Scraped caption text data:
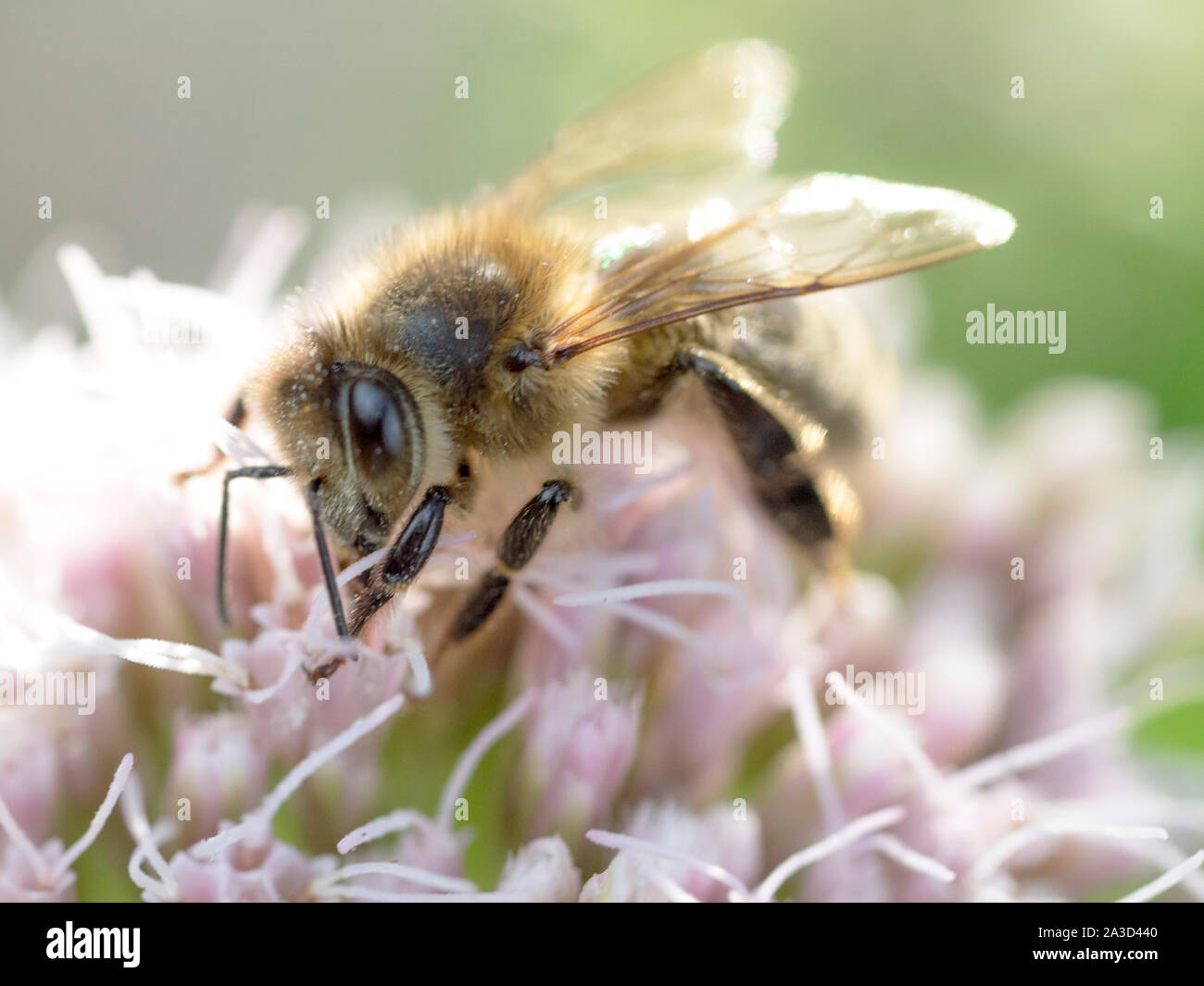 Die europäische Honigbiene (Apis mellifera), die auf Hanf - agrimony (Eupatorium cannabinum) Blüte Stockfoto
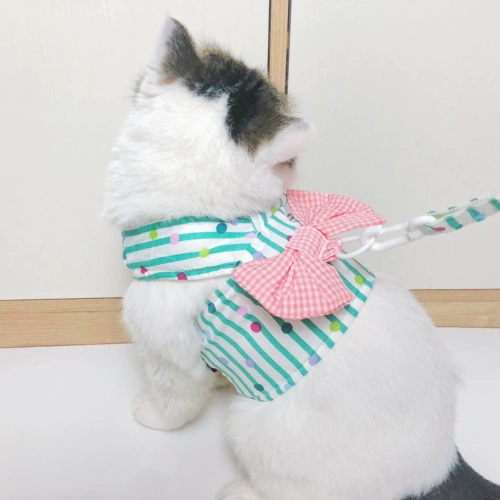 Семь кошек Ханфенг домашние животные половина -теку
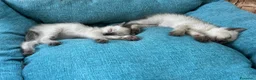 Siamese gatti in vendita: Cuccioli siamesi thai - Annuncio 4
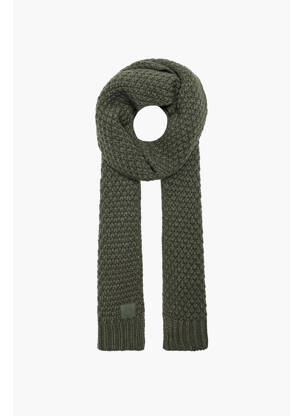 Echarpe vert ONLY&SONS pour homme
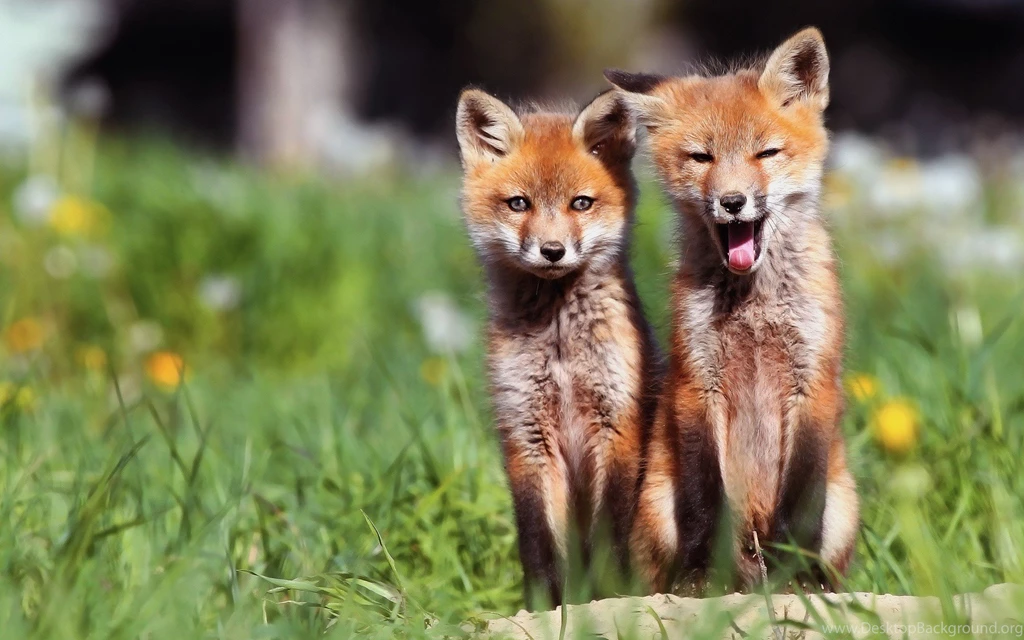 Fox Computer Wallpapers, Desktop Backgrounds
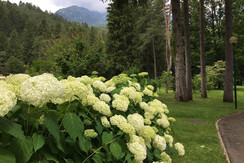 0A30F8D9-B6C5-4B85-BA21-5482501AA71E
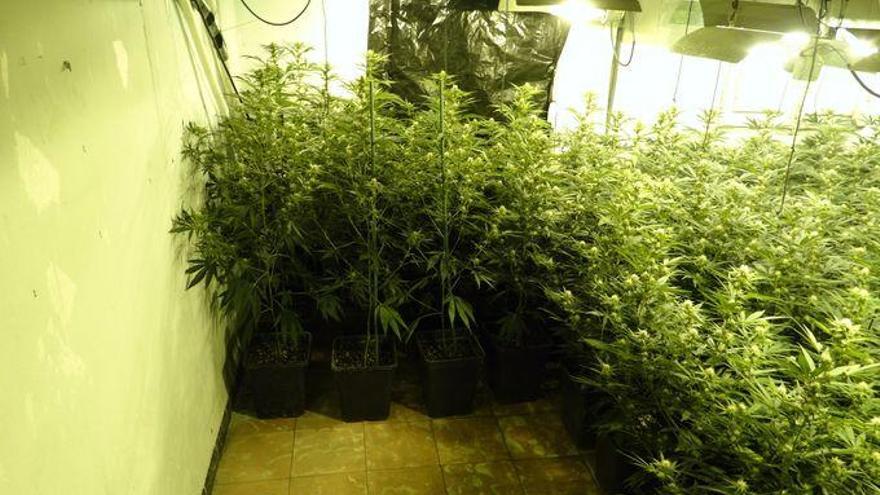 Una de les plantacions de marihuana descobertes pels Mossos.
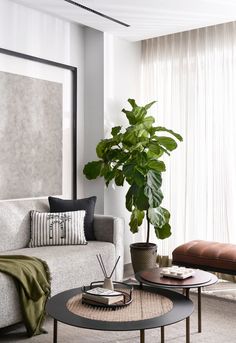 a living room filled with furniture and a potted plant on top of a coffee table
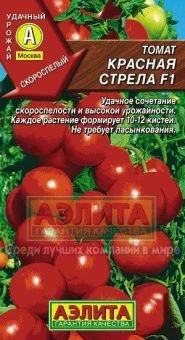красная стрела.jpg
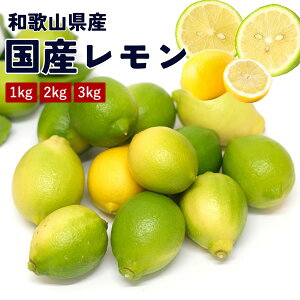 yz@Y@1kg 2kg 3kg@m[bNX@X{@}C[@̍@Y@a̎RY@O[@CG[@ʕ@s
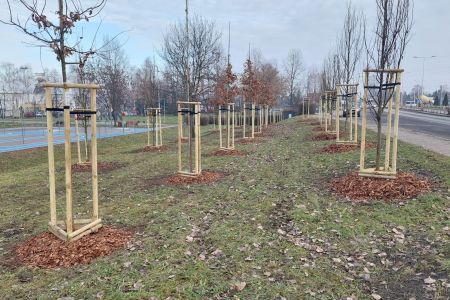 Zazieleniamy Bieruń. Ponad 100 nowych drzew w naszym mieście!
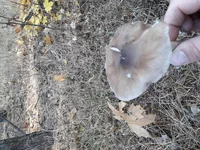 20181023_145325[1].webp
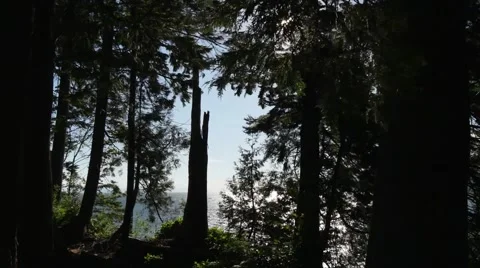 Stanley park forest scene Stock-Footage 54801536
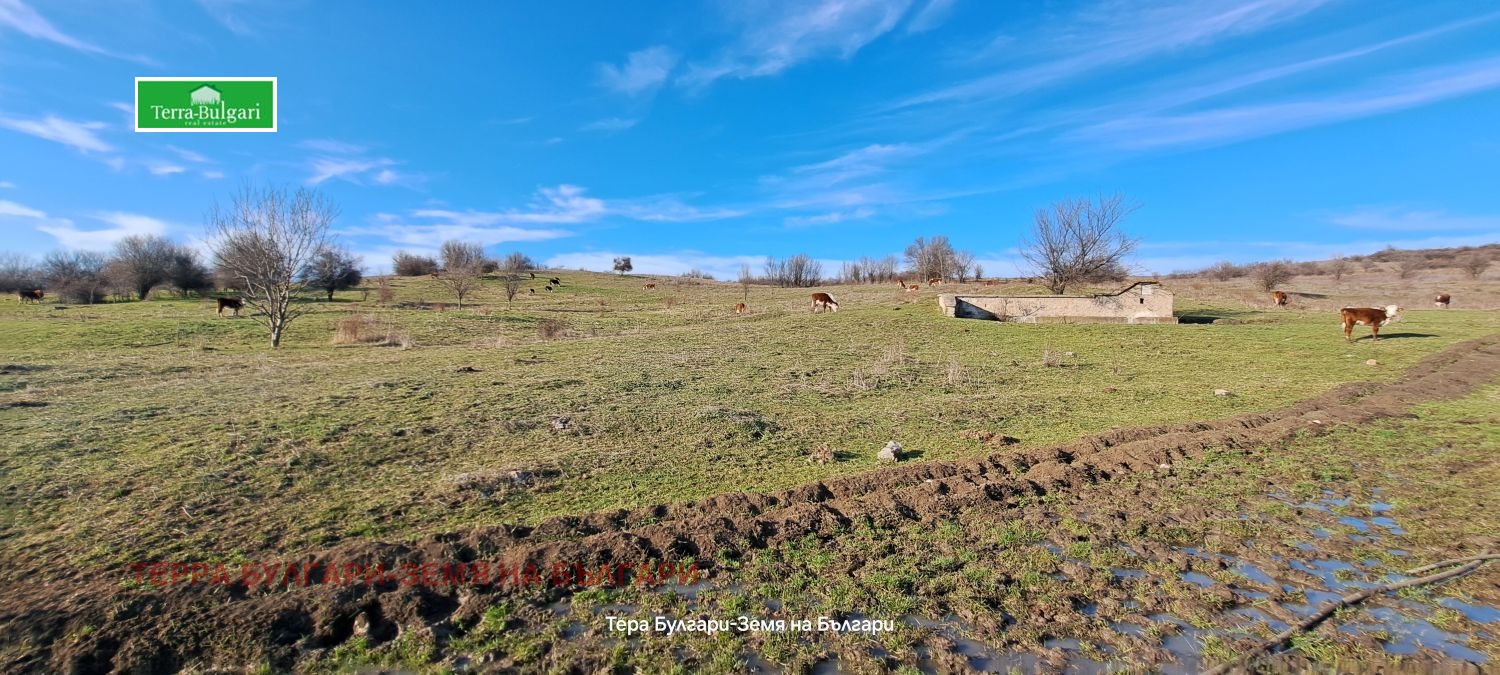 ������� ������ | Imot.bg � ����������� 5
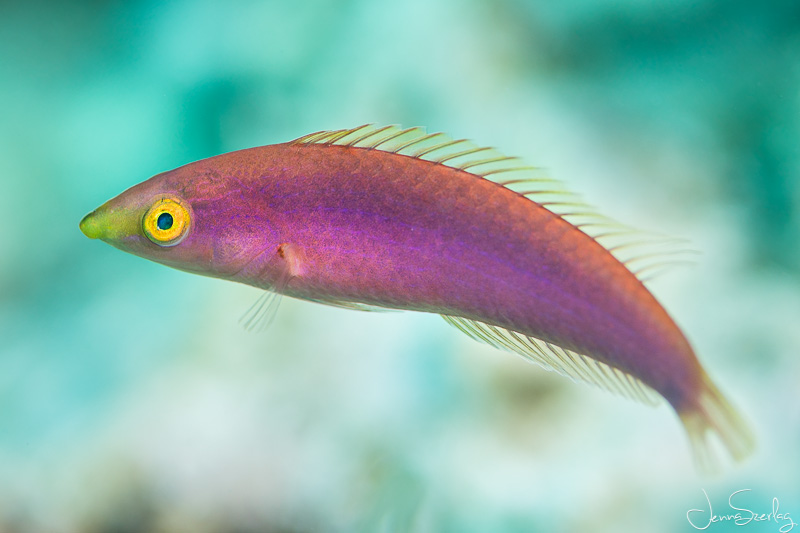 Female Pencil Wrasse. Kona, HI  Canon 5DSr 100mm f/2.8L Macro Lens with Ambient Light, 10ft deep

### Activity:
Pictures are to be left out, while the records are copied word for word.

### Written response:
 Die europäische Honigbiene (Apis mellifera), die auf Hanf - agrimony (Eupatorium cannabinum) Blüte Stockfoto
 Семь кошек Ханфенг домашние животные половина -теку
 Siamese gatti in vendita: Cuccioli siamesi thai - Annuncio 4
 Echarpe vert ONLY&SONS pour homme
 Fox Computer Wallpapers, Desktop Backgrounds
 0A30F8D9-B6C5-4B85-BA21-5482501AA71E
 Una de les plantacions de marihuana descobertes pels Mossos.
 a living room filled with furniture and a potted plant on top of a coffee table
красная стрела.jpg
 yz@Y@1kg 2kg 3kg@m[bNX@X{@}C[@̍@Y@a̎RY@O[@CG[@ʕ@s
 Zazieleniamy Bieruń. Ponad 100 nowych drzew w naszym mieście!
 20181023_145325[1].webp
 Stanley park forest scene Stock-Footage 54801536
 ������� ������ | Imot.bg � ����������� 5
 Female Pencil Wrasse. Kona, HI  Canon 5DSr 100mm f/2.8L Macro Lens with Ambient Light, 10ft deep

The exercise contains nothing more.